Jake: You’ve been a feature of Manchester’s Alternative Comedy Circuit – tell us about how it feels to be bringing the show to the Fringe.
Bishops: Manchester’s got such a vibrant comedy scene and it’s actually wicked to see so many people from the circuit bringing shows to Edinburgh this year like Dan Tiernan, Tom Lawrinson, Annabelle Devey to name a few. And everyone is very supportive in Manchester, I don’t think you get that same level of community in other cities’ comedy scenes. As Bishops, we run a sketch night called “Etch a Sketch” which champions new sketch acts and alternative comedy because most of the clubs in Manchester still just do stand up. Thankfully though there’s now a proper scene emerging with some great sketch comedians that we’re sure will be up at Fringe in coming years.
We’ve been pretty lucky to get gigs at the comedy clubs, and a big shout out to Creatures Comedy Club for taking a chance on us and putting us on their stand up bill. It is always funny though how quickly an audience can shift when they’re told the next comic is a sketch act. But being able to go up on stage to a room full of people who already hate you, just because there’s now two people with a mic instead of one, then being able to get them on side and laughing, honestly makes you feel like you have a superpower… a crap superpower, but still. I think we’re really looking forward to how much variety in the comedy there is in Edinburgh, and to not be the only people doing sketch comedy in a room full of stand ups for a change.
Jake: Tell us about your relationship with Edinburgh and the Fringe – have you been before and how are you feeling about it all now we are so close?

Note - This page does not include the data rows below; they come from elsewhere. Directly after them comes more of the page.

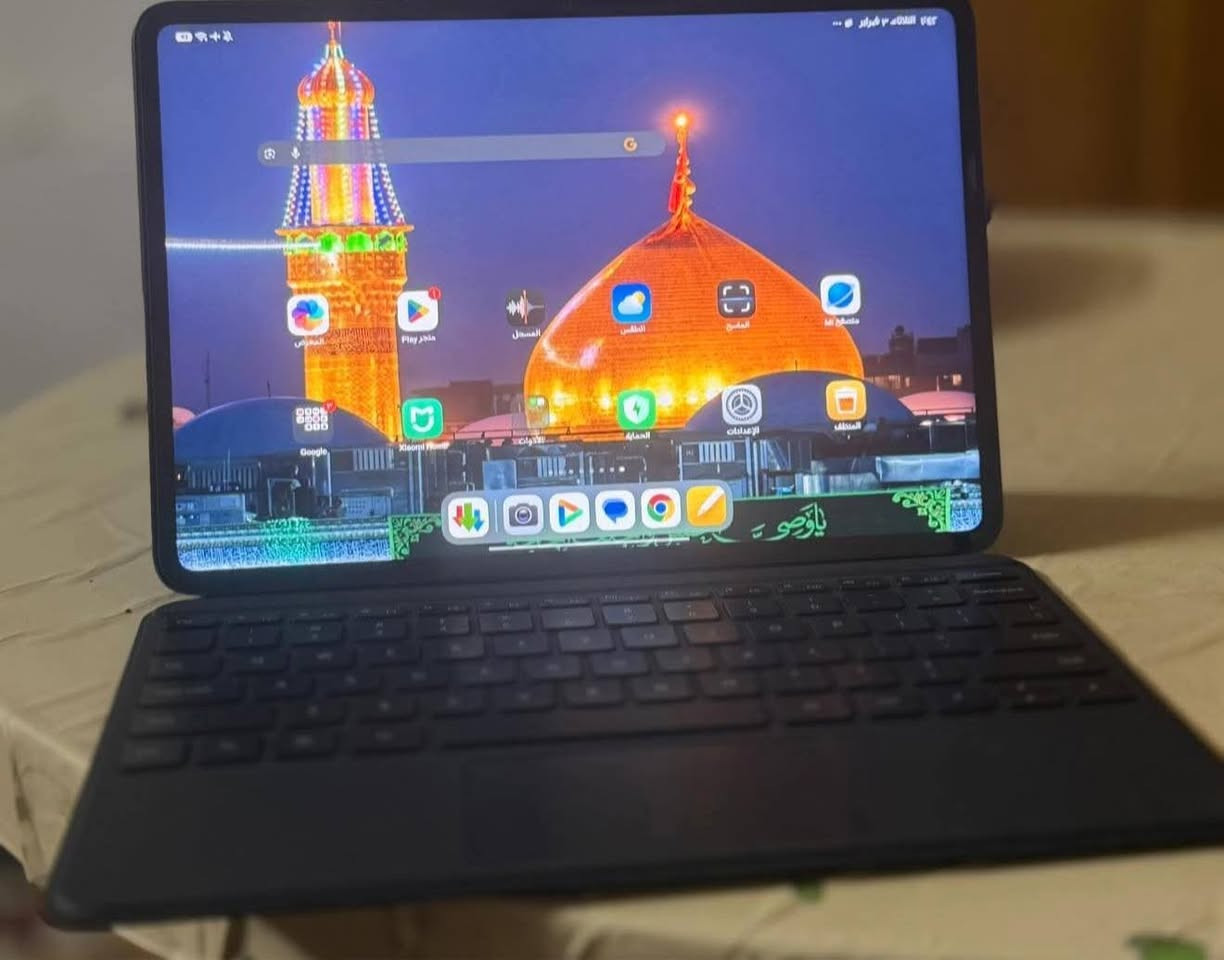 📢للبيع تابليت مستخدم📢
xiaomi pad 6s pro 12.4in 

رام: 12GB
مساحة: 512GB
معالج: snapdragon 8 gen 2
شاشة: 144hz 3k LCD
بطارية: 10,000mah
شحن: 120w بنصف ساعة من ال٠ لل١٠٠
(يجي الجهاز بعلبته مع الشاحن)
نضافه 90
يجي ويه:
الكفر الأصلي: xiaomi magnetic cover

السعر مع الكيبورد 600 وبي مجال للطيبين

الموقع: بغداد
لا يتوفر التوصيل

للأستفسار، تفظل على الخاص بالmessenger


**إذا كنت صاحب هذا الإعلان وتريد حذفه لأي سبب، رجاءا أرسل رسالة إلى الدعم الفني**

Bishops: So we’ve been lucky enough to go to the Edinburgh Fringe a few times when we were students with The Manchester Revue, and we co-wrote and starred in their 2021 sold out show. Which is what gave us the ludicrous idea of turning sketch comedy into a career and going solo(ish) after graduation and forming Bishops. We were like Robbie Williams leaving Take That, but in this instance there’s also another Robbie. Two Robbie’s. Robbie squared. (PS- that analogy also works with Beyonce).
But basically Edinburgh Fringe is the greatest place on earth for aspiring comedians, and the reception to our previous sold out show gave us the confidence to take the next step. We’ve performed Bishops at other Fringe’s and they are all great, but compared to Edinburgh Fringe, there’s no comparison. It’s like comparing an apple to, well, the Edinburgh Fringe. There’s no comparison. And if you haven’t gathered from that odd rant about Robbie Williams, we’re a little overstimulated as we get into the final week before the festival starts, but at this point we’ve performed and refined Bishops so much this year that we’re just raring to go!
Jake: Given the themes of Binge Fringe, if your show was a beverage of any kind (alcoholic, non-alcoholic – be as creative as you like!), what would it be and why?
Bishops: I’m really fighting the urge to say Communion wine…
Carlsberg Special Brew. Misunderstood by society but actually rather complex and challenging. Also puts you in a buzzing mood and weirdly your mum likes it far more than she should.